Ich fiel, rollte mich instinktiv zur Seite und stieß mich mit aller Kraft ab, die ich unter normalen Umständen nicht zu einem Zehntel aufgebracht hätte. Hinter mir erklang ein gräßlicher, zischender Laut. Die Erde bebte, als der weißglühende Leib des Ssaddit wie ein brennender Fels dort niederkrachte, wo ich vor Bruchteilen von Sekunden noch gelegen hatte.

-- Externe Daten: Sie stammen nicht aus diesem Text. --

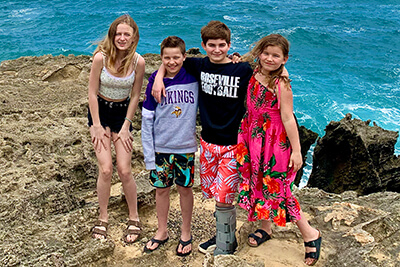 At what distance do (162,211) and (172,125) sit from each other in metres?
0.89

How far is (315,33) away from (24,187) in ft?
74.0

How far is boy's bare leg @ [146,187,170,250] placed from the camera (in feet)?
12.6

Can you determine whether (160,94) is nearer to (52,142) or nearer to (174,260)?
(174,260)

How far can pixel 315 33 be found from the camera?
24.0 m

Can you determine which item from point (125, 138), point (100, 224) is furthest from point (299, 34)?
point (100, 224)

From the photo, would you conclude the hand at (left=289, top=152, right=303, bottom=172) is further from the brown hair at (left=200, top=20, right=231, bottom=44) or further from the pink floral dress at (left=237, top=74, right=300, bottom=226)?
the brown hair at (left=200, top=20, right=231, bottom=44)

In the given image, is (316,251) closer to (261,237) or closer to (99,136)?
(261,237)

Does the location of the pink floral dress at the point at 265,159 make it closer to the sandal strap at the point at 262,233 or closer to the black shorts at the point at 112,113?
the sandal strap at the point at 262,233

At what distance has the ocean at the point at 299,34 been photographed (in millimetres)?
17656

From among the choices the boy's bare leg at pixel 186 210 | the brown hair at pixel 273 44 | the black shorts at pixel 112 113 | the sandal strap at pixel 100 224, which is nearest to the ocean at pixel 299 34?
the boy's bare leg at pixel 186 210

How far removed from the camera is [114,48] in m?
3.64

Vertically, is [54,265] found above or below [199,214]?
above

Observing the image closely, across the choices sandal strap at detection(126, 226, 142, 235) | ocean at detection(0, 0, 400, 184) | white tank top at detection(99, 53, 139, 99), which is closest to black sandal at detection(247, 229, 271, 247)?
sandal strap at detection(126, 226, 142, 235)

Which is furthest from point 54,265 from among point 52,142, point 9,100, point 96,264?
point 9,100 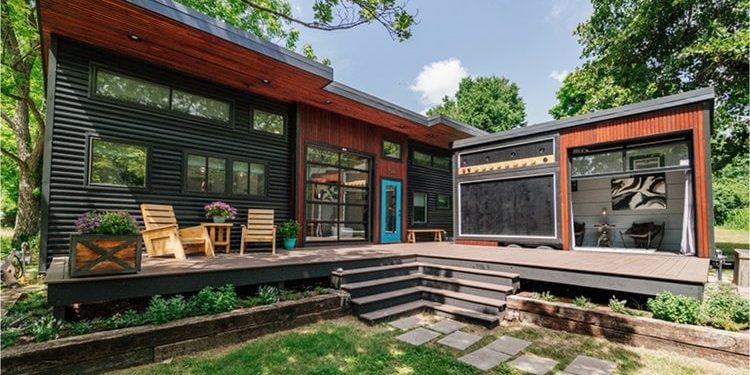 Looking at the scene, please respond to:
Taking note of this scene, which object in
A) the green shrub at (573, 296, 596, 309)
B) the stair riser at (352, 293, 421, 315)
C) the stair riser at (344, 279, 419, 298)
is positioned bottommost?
the stair riser at (352, 293, 421, 315)

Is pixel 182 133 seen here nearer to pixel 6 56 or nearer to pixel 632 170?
pixel 6 56

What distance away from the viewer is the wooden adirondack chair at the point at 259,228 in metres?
6.10

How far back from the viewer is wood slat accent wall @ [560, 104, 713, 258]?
535 centimetres

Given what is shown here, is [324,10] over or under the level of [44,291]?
over

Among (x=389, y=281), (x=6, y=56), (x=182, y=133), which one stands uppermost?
(x=6, y=56)

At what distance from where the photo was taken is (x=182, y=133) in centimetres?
611

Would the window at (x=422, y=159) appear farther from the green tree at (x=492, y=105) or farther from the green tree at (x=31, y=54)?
the green tree at (x=492, y=105)

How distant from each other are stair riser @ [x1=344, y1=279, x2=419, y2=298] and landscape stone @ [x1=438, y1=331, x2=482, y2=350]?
4.27 feet

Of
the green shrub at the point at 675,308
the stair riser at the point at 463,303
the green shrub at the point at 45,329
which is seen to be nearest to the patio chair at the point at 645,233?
the green shrub at the point at 675,308

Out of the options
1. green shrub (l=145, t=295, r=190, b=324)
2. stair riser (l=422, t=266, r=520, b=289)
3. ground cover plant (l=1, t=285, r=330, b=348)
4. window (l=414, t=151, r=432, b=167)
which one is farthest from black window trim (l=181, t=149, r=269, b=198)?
window (l=414, t=151, r=432, b=167)

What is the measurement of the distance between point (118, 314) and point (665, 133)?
839 cm

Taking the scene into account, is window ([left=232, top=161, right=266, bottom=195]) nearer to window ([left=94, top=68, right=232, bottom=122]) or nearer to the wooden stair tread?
window ([left=94, top=68, right=232, bottom=122])

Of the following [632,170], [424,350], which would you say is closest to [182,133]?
[424,350]

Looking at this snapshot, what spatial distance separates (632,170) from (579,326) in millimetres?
Answer: 4127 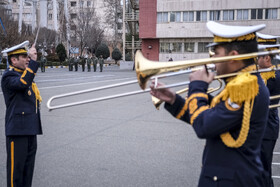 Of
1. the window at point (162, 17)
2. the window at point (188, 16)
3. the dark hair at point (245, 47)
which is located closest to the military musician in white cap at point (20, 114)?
the dark hair at point (245, 47)

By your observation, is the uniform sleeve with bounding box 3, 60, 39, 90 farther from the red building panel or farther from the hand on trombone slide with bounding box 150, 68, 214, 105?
the red building panel

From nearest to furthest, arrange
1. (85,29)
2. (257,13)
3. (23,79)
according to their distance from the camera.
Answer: (23,79)
(257,13)
(85,29)

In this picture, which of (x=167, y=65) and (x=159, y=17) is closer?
(x=167, y=65)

Wie von Sinnen sprang ich auf, setzte über ein kaum handlanges Exemplar von Dagons Höllenkreaturen hinweg und rannte im Zickzack auf den Majunde-Zauberer zu. Der Mann war gestürzt, als Shannon den Ssaddit zum Explodieren gebracht hatte, und er mußte verletzt sein, denn als ich näherkam und er mich erkannte, versuchte er sich auf Hände und Knie hochzustemmen, fiel aber mit einem wimmernden Laut wieder zurück und blieb verkrümmt liegen.

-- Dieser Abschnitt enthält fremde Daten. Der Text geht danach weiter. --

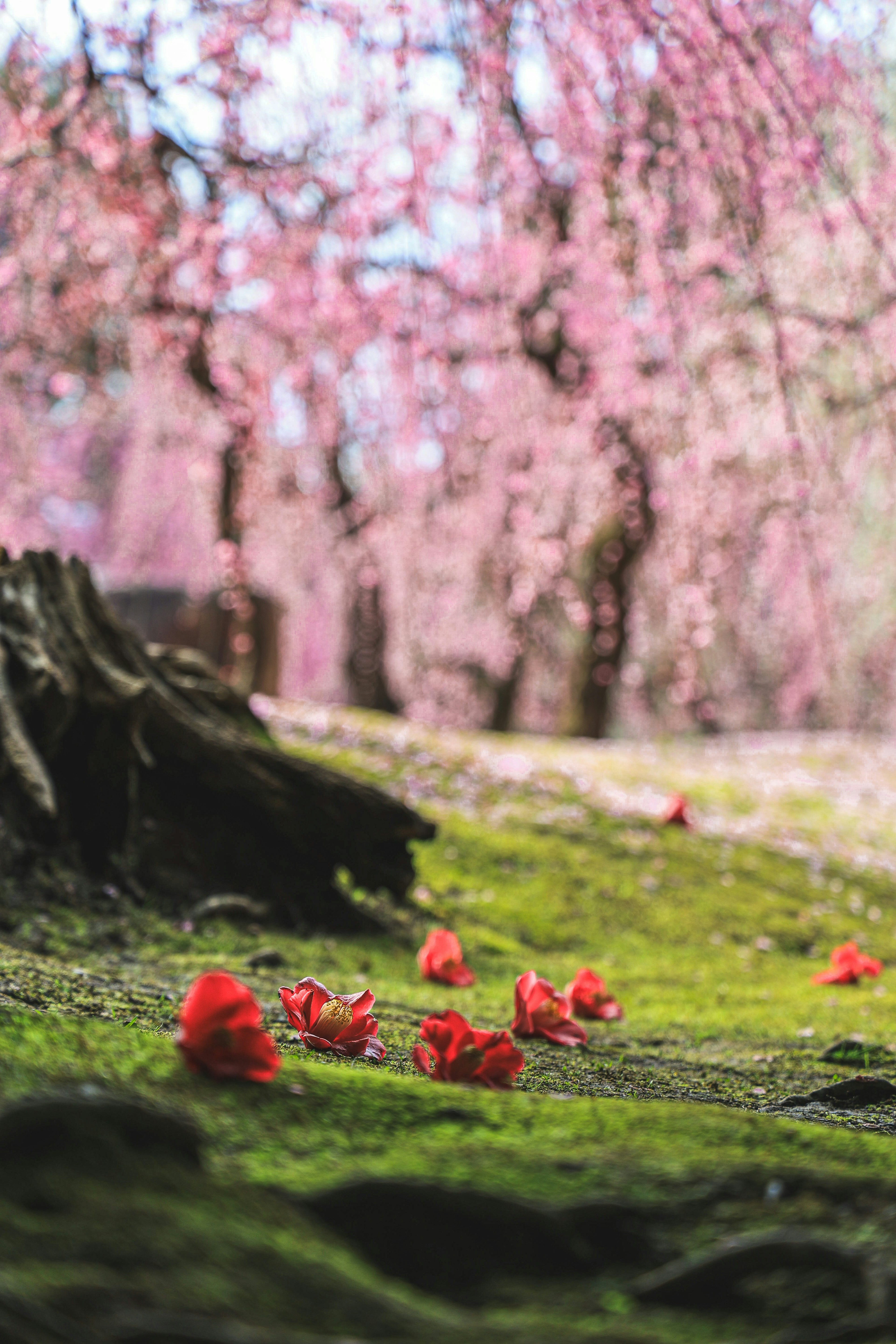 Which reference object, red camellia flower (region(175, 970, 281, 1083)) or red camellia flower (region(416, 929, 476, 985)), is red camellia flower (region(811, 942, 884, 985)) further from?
red camellia flower (region(175, 970, 281, 1083))

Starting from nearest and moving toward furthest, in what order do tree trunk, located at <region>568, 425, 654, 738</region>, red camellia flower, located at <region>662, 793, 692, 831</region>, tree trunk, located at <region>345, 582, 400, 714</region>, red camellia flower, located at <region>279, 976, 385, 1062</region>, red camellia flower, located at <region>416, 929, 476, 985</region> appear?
red camellia flower, located at <region>279, 976, 385, 1062</region> → red camellia flower, located at <region>416, 929, 476, 985</region> → red camellia flower, located at <region>662, 793, 692, 831</region> → tree trunk, located at <region>568, 425, 654, 738</region> → tree trunk, located at <region>345, 582, 400, 714</region>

Ich vergeudete keine Zeit damit, ihn anzusprechen, sondern riß ihn an den Schultern in die Höhe.
Um ein Haar wäre es meine letzte Bewegung gewesen. In den Händen des Majunde blitzten plötzlich fünf Zoll rasiermesserscharf geschliffener Stahl, und zu den zahllosen brennenden Schmerzen gesellte sich ein weiterer, als der Dolch meine Kehle verfehlte und mir einen gehörigen Schmiß in der Wange zufügte.

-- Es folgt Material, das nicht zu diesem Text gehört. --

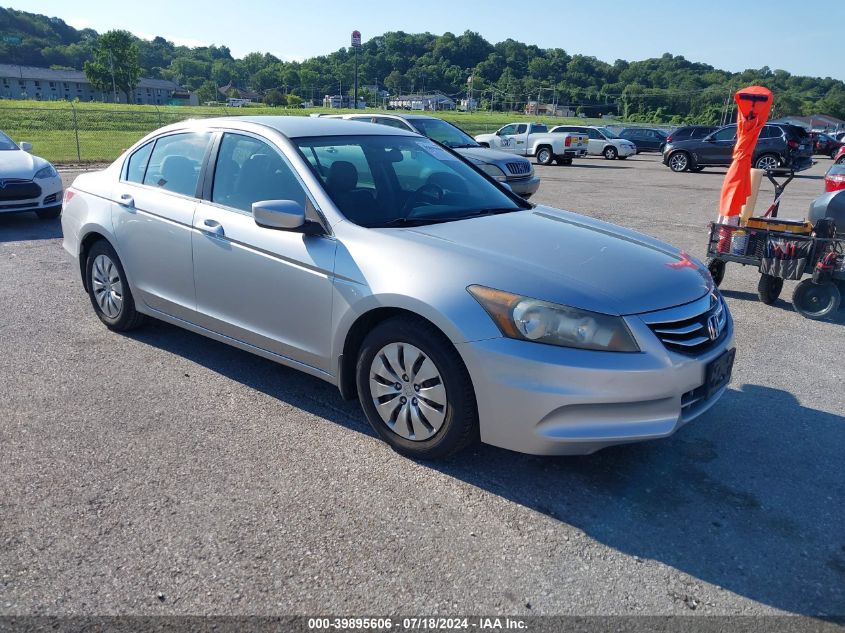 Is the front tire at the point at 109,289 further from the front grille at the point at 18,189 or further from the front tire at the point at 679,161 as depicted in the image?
the front tire at the point at 679,161

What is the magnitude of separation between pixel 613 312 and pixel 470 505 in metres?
1.08

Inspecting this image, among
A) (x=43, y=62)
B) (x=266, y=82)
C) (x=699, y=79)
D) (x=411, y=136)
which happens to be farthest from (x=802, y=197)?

»Hund!« kreischte er. »Du Teufel! Du hast die Dämonen gerufen, und dafür werde ich dich töten!«
Mein Geduldsfaden riß endgültig.
Als er das nächste Mal mit dem Dolch nach mir ausholte, verdrehte ich ihm das Handgelenk, bis er die Waffe fallen ließ, packte ihn grob mit der Linken und knallte ihm eine, daß seine Holzmaske in hohem Bogen davonflog. Dahinter kam ein schmales, erstaunlich junges Gesicht zum Vorschein. Ich lud mir seinen plötzlich erschlafften Körper wie eine leblose Last auf die Schulter und wandte mich um, um zum See zurückzulaufen.
Wenigstens wollte ich es.
Aber da, wo vor Augenblicken noch fester Boden gewesen war, brodelte plötzlich ein Teich aus kochender Lava. Ich drehte mich mit meiner leblosen Last herum - und erstarrte. Auch hinter mir war der Boden gerissen und erbrach Lava und die Glut der Hölle! Weißes Licht drang aus dem gezackten Riß und stach wie mit glühenden Nadeln in meine Augen, und die ätzenden Dämpfe, die aus der Erde quollen, verbrannten mir schier die Lungen.